Why wouldn’t he kill me?

Raihn stepped closer again, whispering, “Breathe, Oraya.” And only then did I realize that I was shaking so violently I nearly fell off the windowsill.

“We will find the answers,” he said. “We’ll do the wedding, and—”

Wedding. Oh, Mother.

“I’m not marrying you,” I spat. “Yes, you are.”

“Fuck you. I am not.

A muscle feathered in his cheek.

“It’s the only way I can keep you alive. If you’re not my wife, you’re my enemy. And I can’t justify letting you go.”

“What a fucking hypocrite you are,” I snarled. “You, who was so fucking appalled by Vincent’s bonding.”

Raihn flinched. He knew I was right.

I turned my head enough to look out the window. I knew this view so well. I tracked the evolution of an ancient city from this window every single night, every morning.

Now, it was a kingdom wailing through its death throes. The night sky was bright with red and white—Nightfire. Little streaks of light trailed through the distant streets. Bloodborn soldiers, invading my home. I knew that if I pressed my ear to the glass, I would be able to hear the screams of those below.

“Good thing you freed us from that tyrant,” I spat. “Everything looks so much more peaceful now, doesn’t it?”

Raihn closed the gap between us in two strides. His hand pressed to the glass as he bowed over me, one palm cupping the side of my face in a touch that couldn’t decide if it was a comfort or a threat.

“Think about this. Power is a bloody business. You know that as well as I do. We have teeth, you and I. Now is the time to use them. We’ll rip apart the worlds that subjugated both of us, and from the ashes we’ll build something new. And there is no one I would rather have beside me to do that with than you, Oraya. No one.” His voice lowered to a plea. His gaze dipped—to my mouth—before flicking back to my eyes. “And when I leave this room, and come back with a priestess, you will marry me. You will do it because I

can’t kill you. I tried. I can’t. A world without you would be a dark, depressing place. And I’ve already inflicted enough pain without committing that fucking injustice, too. So let me save you.

Now it was my turn to know he was right—to know that he meant every word of what he said—and hate it.

Anger made things easy.

Love made things complicated.

“Is this you begging me to save myself? And what if I refuse, just like she did?”

In that moment, I thought maybe I would. Maybe I’d die, just like Nessanyn, solely because he wanted me to live. Sheer spite.

“You won’t.” His nose was inches from mine. The words warmed my mouth.

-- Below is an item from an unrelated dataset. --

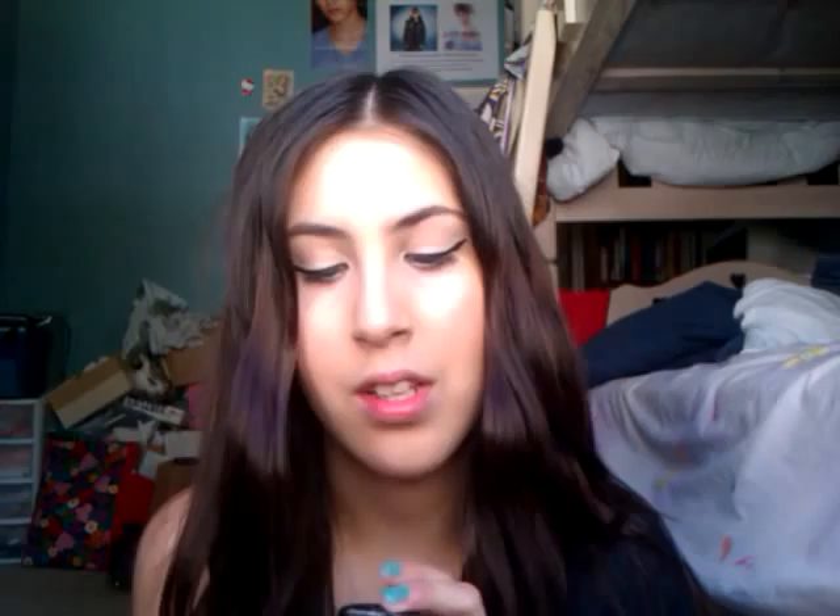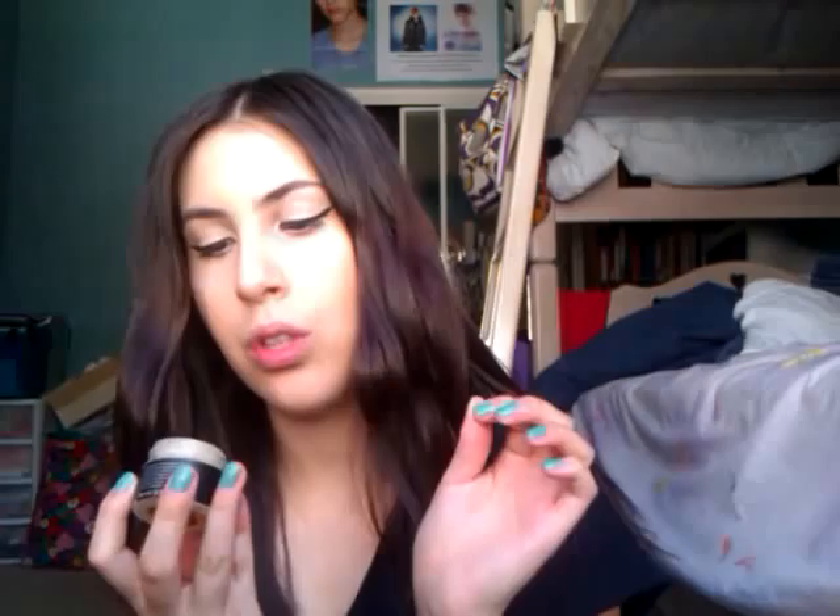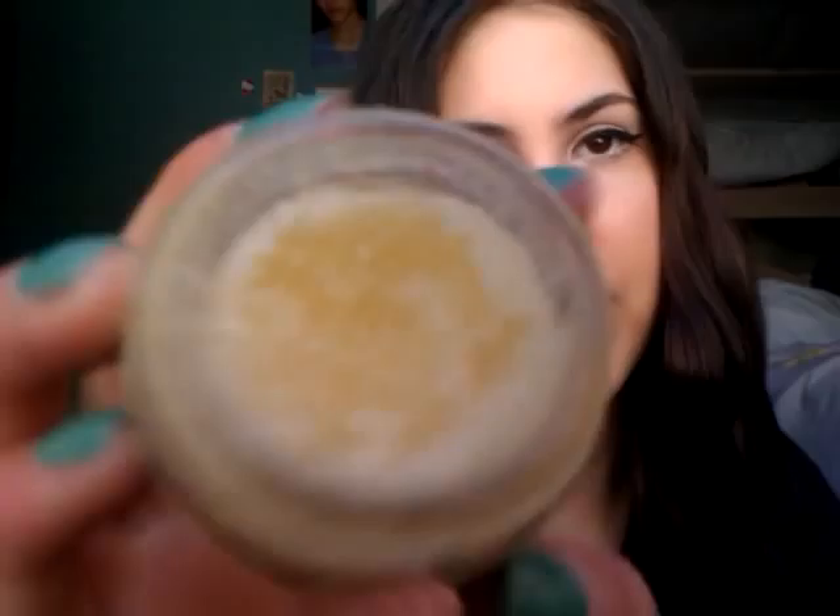Has anyone ever done that? Because I don't think they have. I go through a routine of different things that I do before I put on my lipstick. So first I use this Lush lip scrub, and mine is in Mint Tulip. Lip scrubs are just a sugary scrub that removes dead skin on your lips and smooths it out. You just take a little on your finger and rub it on your lips.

Low and smooth.

“How do you know that?”

“Because you’re smarter than her. You have more than a dream. You have vision.”

The admiration in his voice hurt, because I knew it was real.

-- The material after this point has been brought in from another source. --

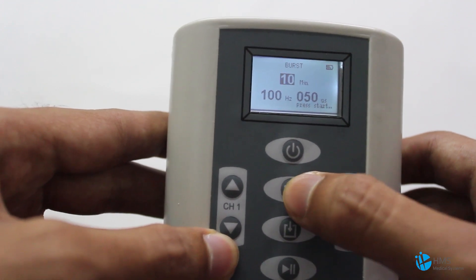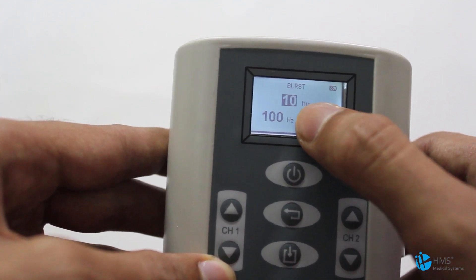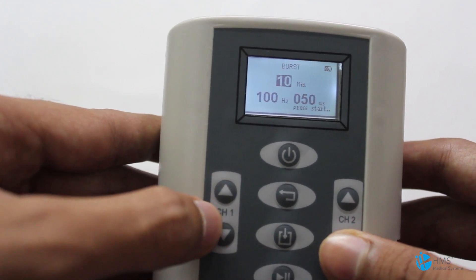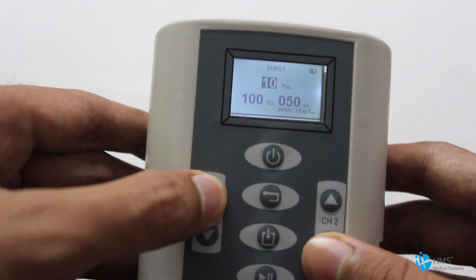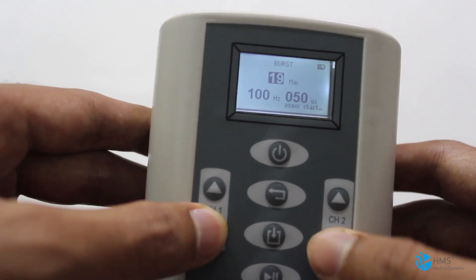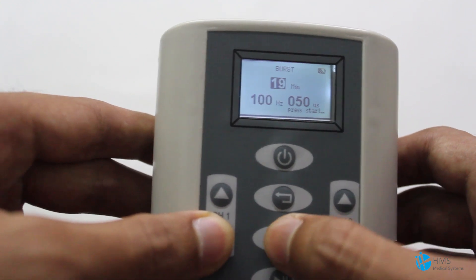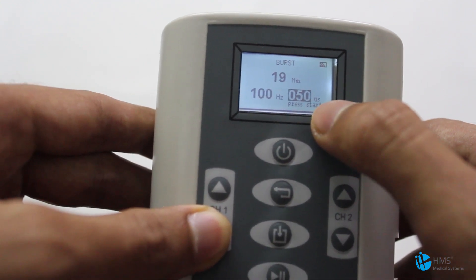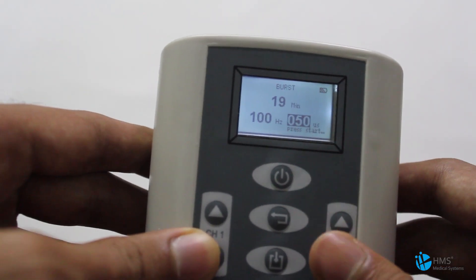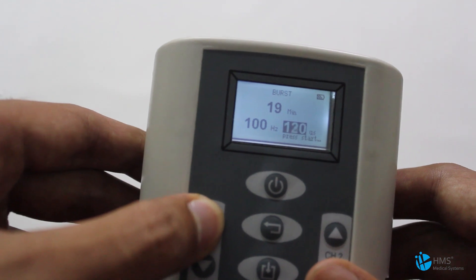This is the Back button. Now we'll get into Burst Mode. This one is the timer, which can be changed with the navigation buttons from Channel 1 and the intensity controller. You can set a maximum of 99 minutes. Press the Select button to get to the pulse width selection, where you can set up to a maximum of 300 microseconds for the pulse width.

My eyes flicked up to meet his. I took in all those stunning threads of color. All those pieces of him that did not fit together.

I thought for one long moment that he might kiss me.

Even worse, I thought I might kiss him back.

Instead, his lips ghosted over my forehead. Barely a touch.

Then he straightened. “I’m getting the priestess. Every second we put this off, you’re in danger.”


Before I could protest, he was gone.